Note:  The Zaif hack is not the first cyberattack against Japanese cryptocurrency exchanges this year.  In January, Tokyo-based cryptocurrency exchange Coincheck Inc suffered a “hot wallet” cyberattack that stole approximately $532.6 million (¥58 billion).  These two attacks – combined with the fact that the FSA had previously ordered Tech Bureau twice this year “to improve its operations, including its response to system failures” – demonstrate the urgency with which the cryptocurrency-exchange community needs to commit to installing and maintaining robust cybersecurity and data-protection measures.

Explanations like “technical difficulties and a shortage of staff” will not satisfy regulators in Japan or other countries who have seen multiple large-scale cryptocurrency hacks; indeed, an FSA official has already said that the Zaif hack “will likely have an impact on future screenings” for newly registered exchanges.  Although cryptocurrency-related market capitalization may have increased vastly since 2014 – when the bitcoin exchange Mt. Gox lost an estimated $473 million – neither consumer confidence nor regulatory patience can remain infinitely elastic.

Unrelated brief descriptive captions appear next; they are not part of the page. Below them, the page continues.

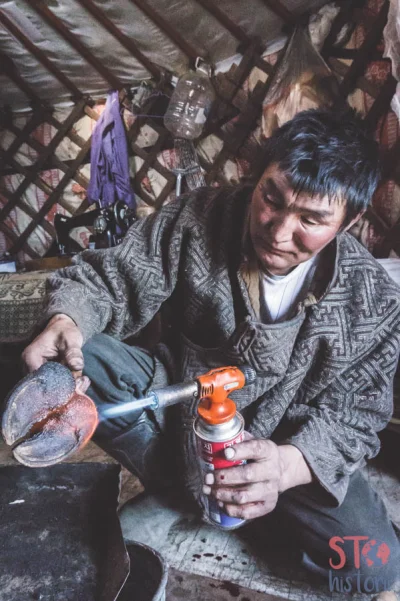 D.....t - #kuchnia #kuchnieswiata #mongolia #ciekawostki #gotowanie

Koczowniczy tr...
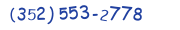 Contacts Phone number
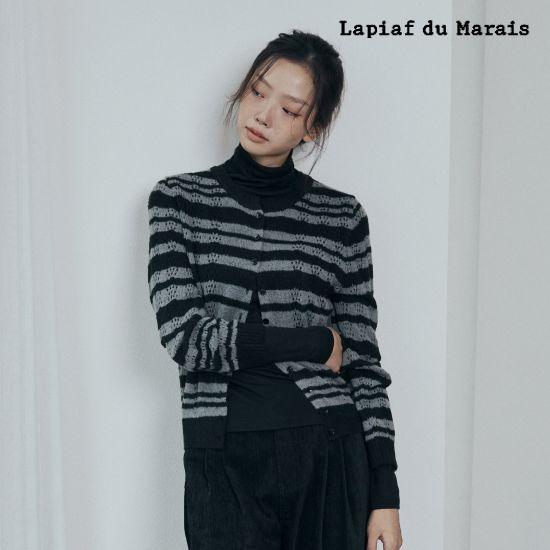라삐아프 26FW 울텐셀하이넥티셔츠4종 4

One indication that the cryptocurrency sector recognizes that fact is the August 2018 application by the Japanese Virtual Currency Exchange Association (JVCEA) for certification by the FSA.  The JVCEA reportedly “plans to work with the government on drafting and overseeing legislation that will allow the Japanese crypto exchange industry to become self-regulating,” and to that end submitted to the FSA a detailed 100-page document containing its proposed self-regulatory measures.  In the end, some combination of self-regulatory and government regulatory measures will likely be necessary to impress on the industry the importance of adopting and implementing meaningful cybersecurity defenses and other internal controls and compliance measures.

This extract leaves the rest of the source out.